Six Connections

May 22, 2021 9:07 am Published by Dave Scholes

Published by Leave your thoughts

I think that the past year has taught us all a great deal about human connection.  The absence of freedom to see our loved ones has impacted not just ourselves but our personal networks – and in turn our communities, our cities, our country, and ultimately, our entire world.  For our species it has been a year unlike any other in living memory and is undoubtedly an era which will be taught in history lessons for centuries to come.  In amongst the stress and the sadness and the horrendous loss, it might be possible to draw some powerful and positive lessons from what we have all been through.

We have been prompted to examine what human connection means to us and we have been forced to adapt to ensure that it remains a part of our lives, which demonstrates how essential it is to our wellbeing.  We have all got accustomed to the ‘hug’ emoji, to Zoom catch ups over a cuppa or a g&t, to virtual birthday, wedding or christening celebrations.  Previously techno-phobic parents and grandparents (my mother included) have needed to embrace new methods of connection in order to watch grandchildren grow, and sometimes even to meet them for the first time via video call.

We have adapted and managed to remain connected with our loved ones despite not seeing some of them for more than twelve months, because connection with others is what gives life meaning, and safety, and happiness.

Six Connections

The concept of Six Connections is so very simple, but so very powerful.  It is no exaggeration to say that offering a meaningful connection to someone can change their life, their experience of the world and their self-perception and feeling of worth.  When I lost my brother to suicide nearly ten years ago, my first instinct was to throw my hands out to my support network and to grip on tightly to those people who could carry me through by simply being there.  One of the very few positives of going through something like bereavement by suicide is that you are left in no doubt about the people in your life who will always be available for you to connect with.

My husband, family and a handful of friends who are worth their weight in gold; ongoing, life enhancing relationships with people who I know are there for me forever, come what may.

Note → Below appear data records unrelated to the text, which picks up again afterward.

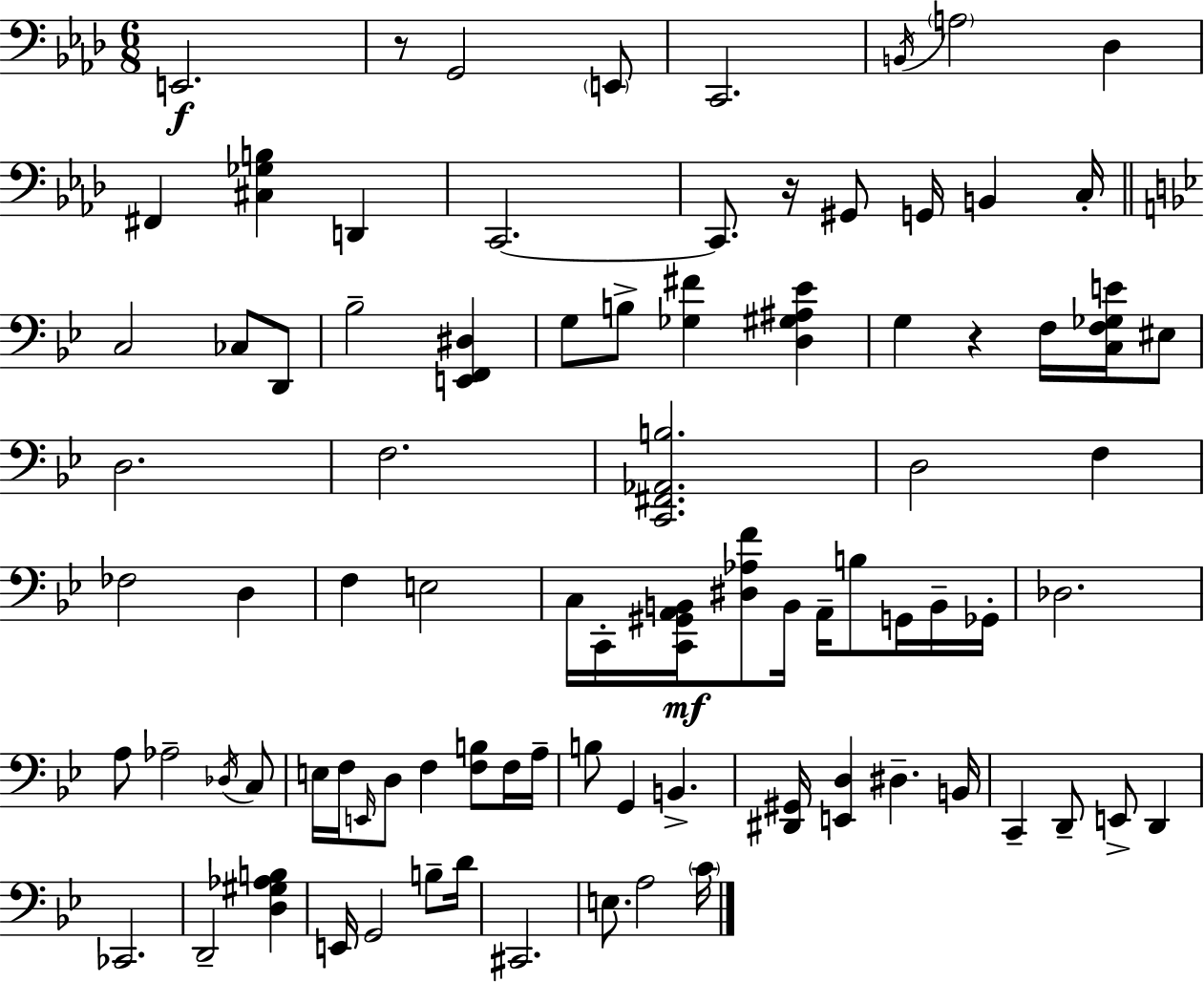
X:1
T:Untitled
M:6/8
L:1/4
K:Fm
E,,2 z/2 G,,2 E,,/2 C,,2 B,,/4 A,2 _D, ^F,, [^C,_G,B,] D,, C,,2 C,,/2 z/4 ^G,,/2 G,,/4 B,, C,/4 C,2 _C,/2 D,,/2 _B,2 [E,,F,,^D,] G,/2 B,/2 [_G,^F] [D,^G,^A,_E] G, z F,/4 [C,F,_G,E]/4 ^E,/2 D,2 F,2 [C,,^F,,_A,,B,]2 D,2 F, _F,2 D, F, E,2 C,/4 C,,/4 [C,,^G,,A,,B,,]/4 [^D,_A,F]/2 B,,/4 A,,/4 B,/2 G,,/4 B,,/4 _G,,/4 _D,2 A,/2 _A,2 _D,/4 C,/2 E,/4 F,/4 E,,/4 D,/2 F, [F,B,]/2 F,/4 A,/4 B,/2 G,, B,, [^D,,^G,,]/4 [E,,D,] ^D, B,,/4 C,, D,,/2 E,,/2 D,, _C,,2 D,,2 [D,^G,_A,B,] E,,/4 G,,2 B,/2 D/4 ^C,,2 E,/2 A,2 C/4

However in the blur of bereavement, other friendship, support and connection came from the most unpredictable of places – the friend of a friend who messaged me out of the blue to express her condolences and ask if I wanted to have coffee; the colleague who looked me right in the eyes and questioned whether I was really OK to be back at work (…I wasn’t!); my GP who gave me far longer than my ten minute slot, who spoke to me human to human rather than professional to patient, and whose eyes filled with tears as he shared with me that he had also lost his brother recently.

These people spring to mind as true bolts from the blue, whose support and connection at that point in my life I have never forgotten and have always been thankful for.  They probably had no idea what an impact they had on me, what a difference they made to those horrific days.

Real Connection

Having been through a time when connection meant so much, I try now to be a person and a friend who is willing and able to connect with others and offer support if I can.  It sometimes takes bravery and swagger – as Mindsight founder Dave would say – to be that connection but imagine what we could achieve if we could all commit to doing what we can to be present for our fellow humans.  Suddenly the wellbeing of others is everyone’s responsibility, and by all taking small actions and making small connections, we can increase wellbeing, change culture and make a real impact.

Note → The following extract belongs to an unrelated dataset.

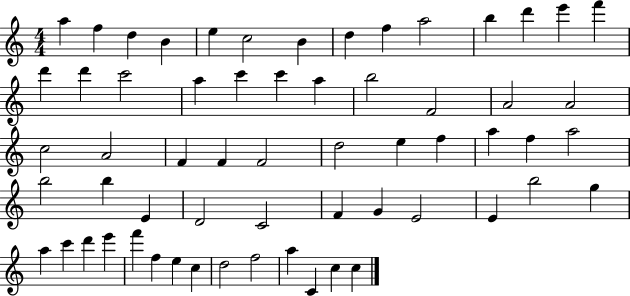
A5/q F5/q D5/q B4/q E5/q C5/h B4/q D5/q F5/q A5/h B5/q D6/q E6/q F6/q D6/q D6/q C6/h A5/q C6/q C6/q A5/q B5/h F4/h A4/h A4/h C5/h A4/h F4/q F4/q F4/h D5/h E5/q F5/q A5/q F5/q A5/h B5/h B5/q E4/q D4/h C4/h F4/q G4/q E4/h E4/q B5/h G5/q A5/q C6/q D6/q E6/q F6/q F5/q E5/q C5/q D5/h F5/h A5/q C4/q C5/q C5/q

In a way, the global pandemic of the past 18 months has perfectly illustrated the power of connections.  Through human connection, how quickly the world was engulfed by something negative and destructive; a virus.  So, what if we flipped the focus and took this as evidence that we can use the same human contact which created a global pandemic in a positive way; to light the touch paper and begin to spread a global culture of care.  Ambitious, but – as we have seen – totally possible, through simple acts of connection.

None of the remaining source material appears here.